- [TASK DETAILS]:
Could you transcribe every record below exactly as written, leaving out any pictures?

[Source data]
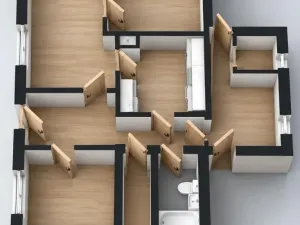 Prodej rodinného domu, Žďárky, 102 m2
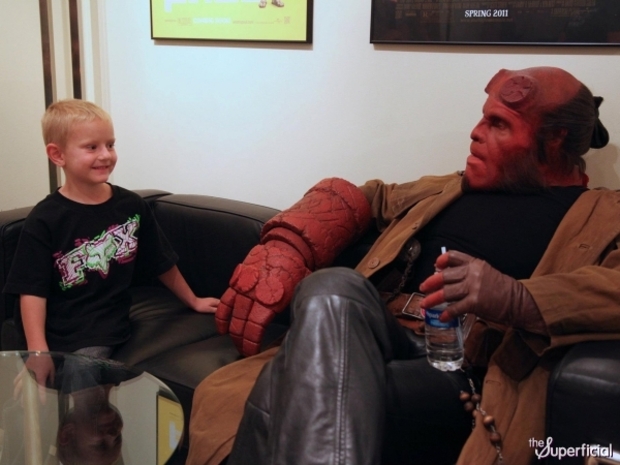 HELLBOY, un héroe solidario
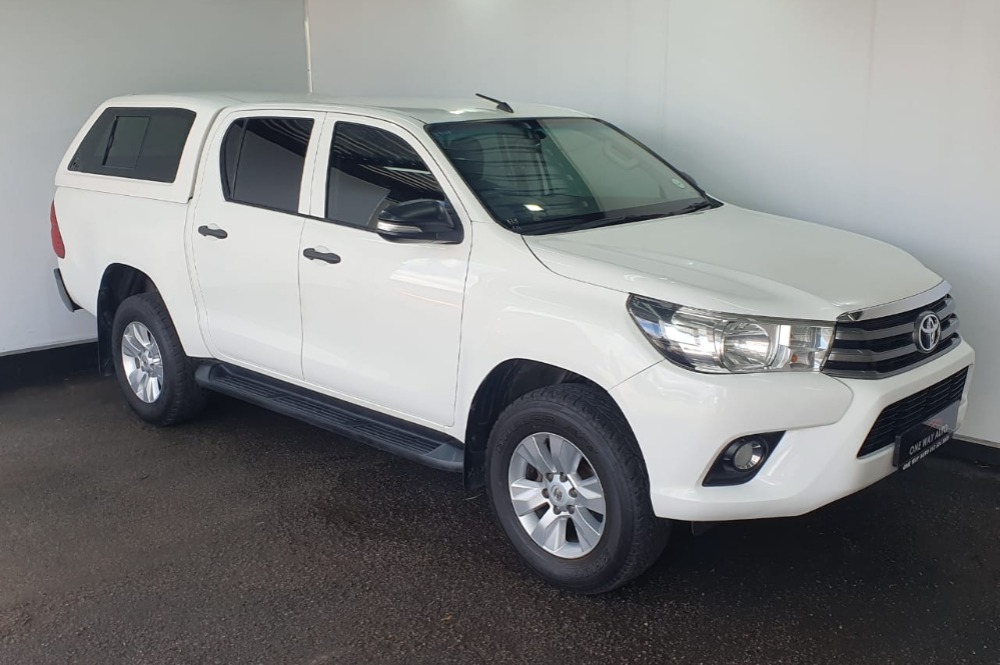 2017 Toyota Hilux 2.7 VVTi RB SRX P/U D/Cab Bakkie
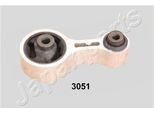 Japanparts RU-3051 - Oe GJ6A 39 040 Supporto Motore, Posteriore Per 6 (G)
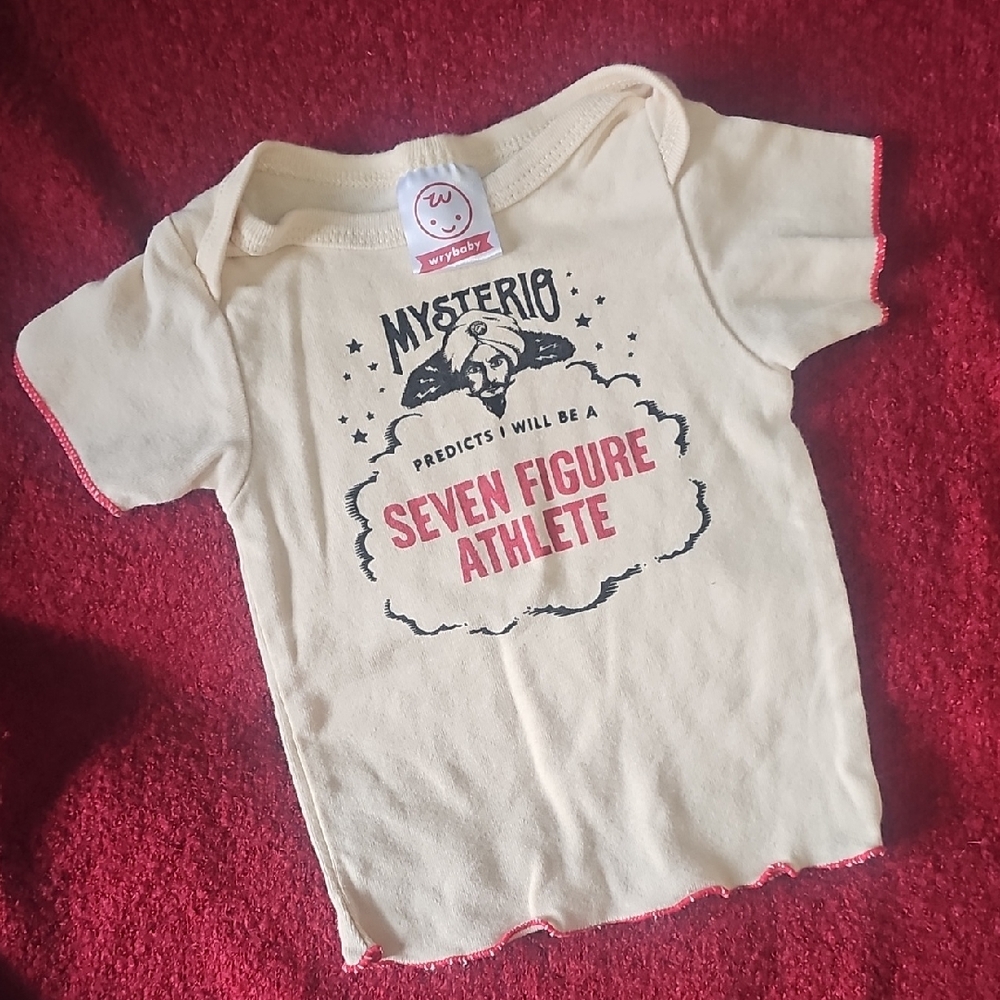Kids Cream Shirt - Seven Figure Athlete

- [ANSWER BELOW]:
 Prodej rodinného domu, Žďárky, 102 m2
 HELLBOY, un héroe solidario
 2017 Toyota Hilux 2.7 VVTi RB SRX P/U D/Cab Bakkie
 Japanparts RU-3051 - Oe GJ6A 39 040 Supporto Motore, Posteriore Per 6 (G)
Kids Cream Shirt - Seven Figure Athlete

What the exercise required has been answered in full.